It’s no secret that David Lynch (the celebrated writer/director/creator behind Twin Peaks, Blue Velvet, Mulholland Drive, and others) has inspired a lot of games. But did you know that he almost teamed up with Bandai and a couple of other Japanese companies in the 90s to make an adventure game called Woodcutters From Fiery Ships?
Announced in 1998 as a joint partnership between Lynch and three Japanese companies — Bandai, Synergy Inc, and KDD — the project was to be both a movie and a DVD-ROM game. It would utilise 3D animation, and “advanced computer graphics”. It seems there also would have been some sort of online component, and a music CD — suggesting it might have been a part of a big multimedia idea, or that they simply had a lot of merchandising ideas. They hoped to make about 1 billion yen from it.
But it’s only the game portion of the project that Lynch has ever spoken about. Possibly this new medium was the most exciting for him. He described it in an interview with The Guardian as a mystery and story game, and gave the very strange working title: Woodcutters From Fiery Ships. Why didn’t it happen? It was “blocked from the get-go”, according to Lynch. He seems to have thought the idea would be unappealing to gamers. Here’s what he had to say about the early concept for Woodcutters:
[It was a] conundrum thing… a beautiful kind of place to put yourself. You try to make a little bit of a mystery and a bit of a story, but you want it to be able to bend back upon itself and get lost – really get lost. […] It was called… Woodcutters From Fiery Ships… Certain events have happened or are sort of happening in a bungalow which is behind another house in Los Angeles. And then suddenly the woodcutters arrive and they take the man who we think has witnessed these events, and their ship is… uh, silver, like a 30s sort of ship, and the fuel is logs.

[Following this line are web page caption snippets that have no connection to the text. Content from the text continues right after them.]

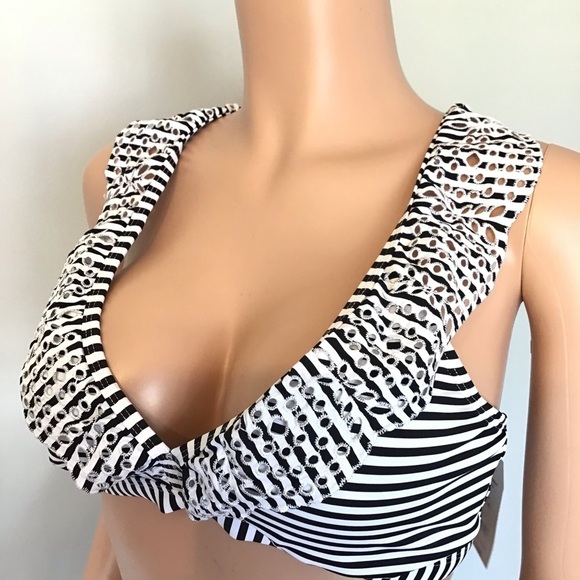 Time and Tru Black and White Striped Eyelet Ruffle Bikini Set Size L-XL - Picture 4 of 11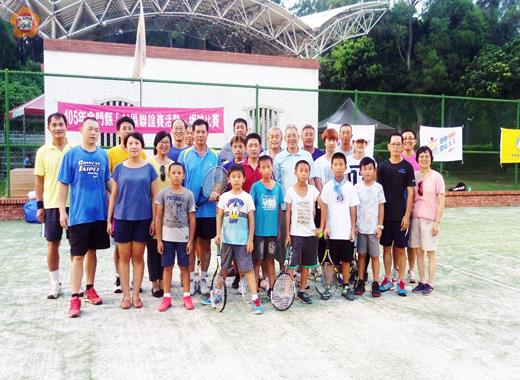 網球運動委員會日前舉辦社區網球賽，與會者合影。（網委會提供）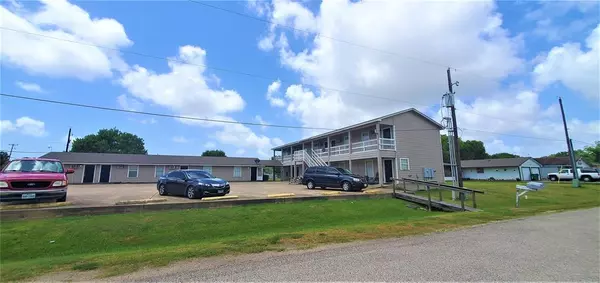 Oyster Creek, TX 77541,3527 Fm 523 RD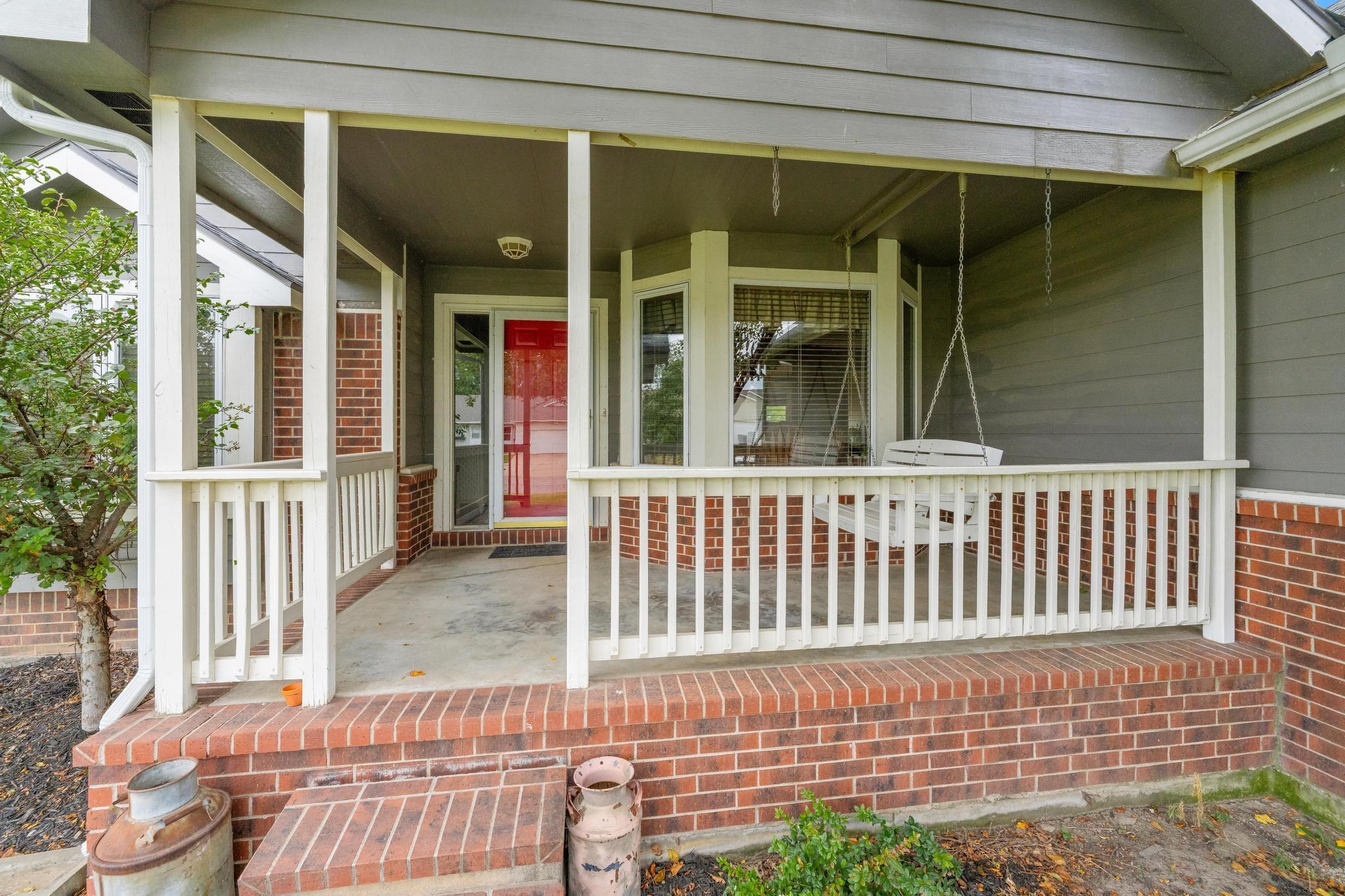 1325 N Stewart St, Wellington, KS 67152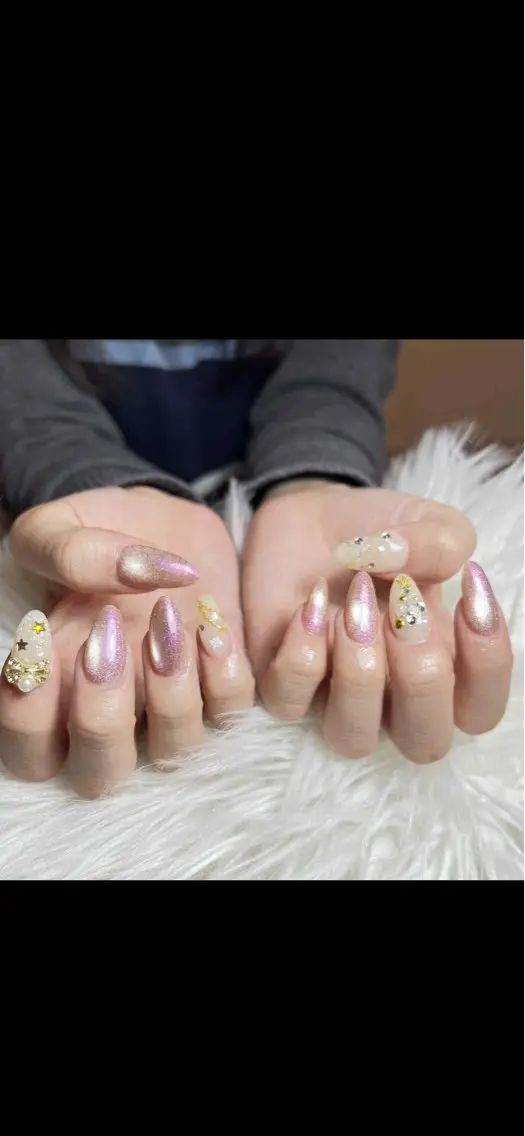 ネイル キラキラネイル マグネットネイル ミラーネイル ワンホンネイル 冬ネイル ハンドネイル RAMU Nail 恵比寿店のネイルデザイン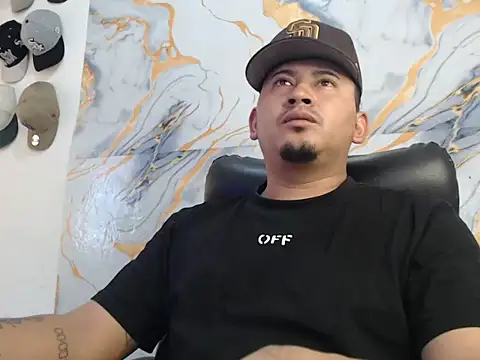 Snapshot of myke_andrade chatting on July 15, 12:54 pm myke andrade online show from July 15, 12:54 pm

And they smoke pipes.” (x)
The Lynchian parallels in the likes of Alan Wake and Deadly Premonition are obvious, but some others he’s influenced are less so, such as The Legend of Zelda: Link’s Awakening. The small town vibe, and the strange inhabitants of the island, were explicitly based on Twin Peaks, which was popular during its development. Surreal environments, cinematic, fixed camera angles — it’s easy to see how Lynch’s style would fit video games, especially some older adventure ones.
Besides working on an adaptation of Bad Day at the Midway (which never came to fruition), Woodcutters From Fiery Ships is the only recorded instance of David Lynch almost being involved with video games. It’s also pretty interesting that this one was going to be backed entirely by Japanese companies, especially Bandai. While the project being anime styled was never mentioned in any of the sources on Woodcutters, it also wasn’t not mentioned.
Perhaps one day Lynch will team up with Bandai again, and make the Twin Peaks anime we all need.